■ **Source data**:
########

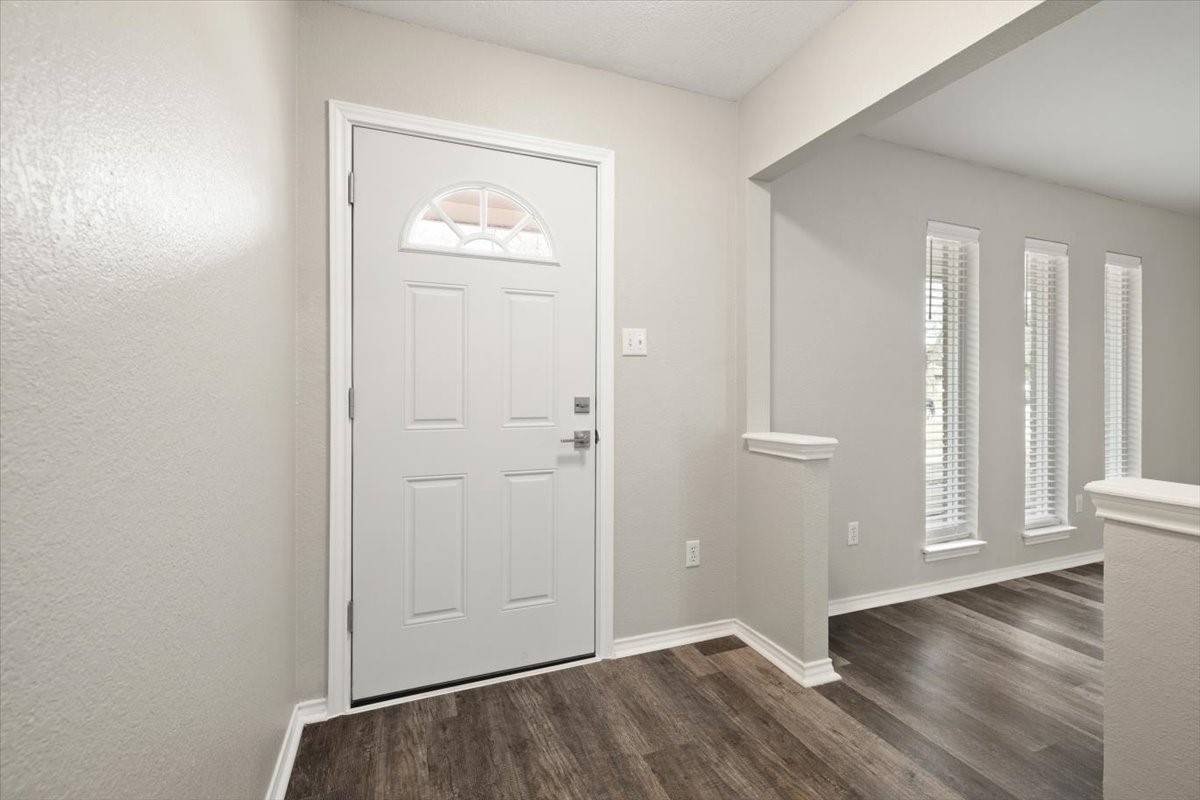 Hurst, TX 76053,212 Belmont ST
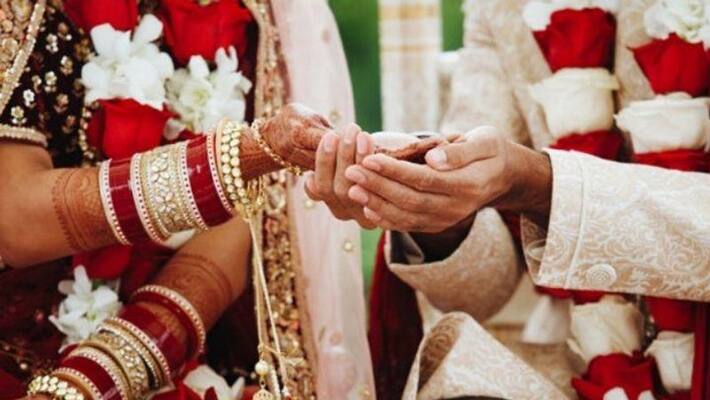 This is what happens to the bride. Daughter flies off the bride. !! This is what happens to the bride. Daughter flies off the bride. !!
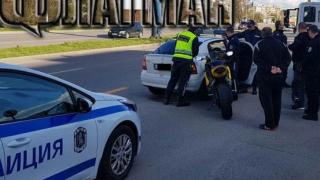 Бесен екшън в Бургас! Патрулки гониха пистов мотор, едва озаптили шофьора пред смаяните минувачи (СНИМКИ)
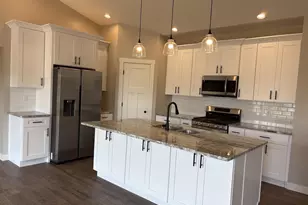 8339 Marlo Ave, Neenah, WI 54956 - Photo 3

########

The answer must be the full listing, exact in every line, with the pictures removed.

 Hurst, TX 76053,212 Belmont ST
 This is what happens to the bride. Daughter flies off the bride. !! This is what happens to the bride. Daughter flies off the bride. !!
 Бесен екшън в Бургас! Патрулки гониха пистов мотор, едва озаптили шофьора пред смаяните минувачи (СНИМКИ)
 8339 Marlo Ave, Neenah, WI 54956 - Photo 3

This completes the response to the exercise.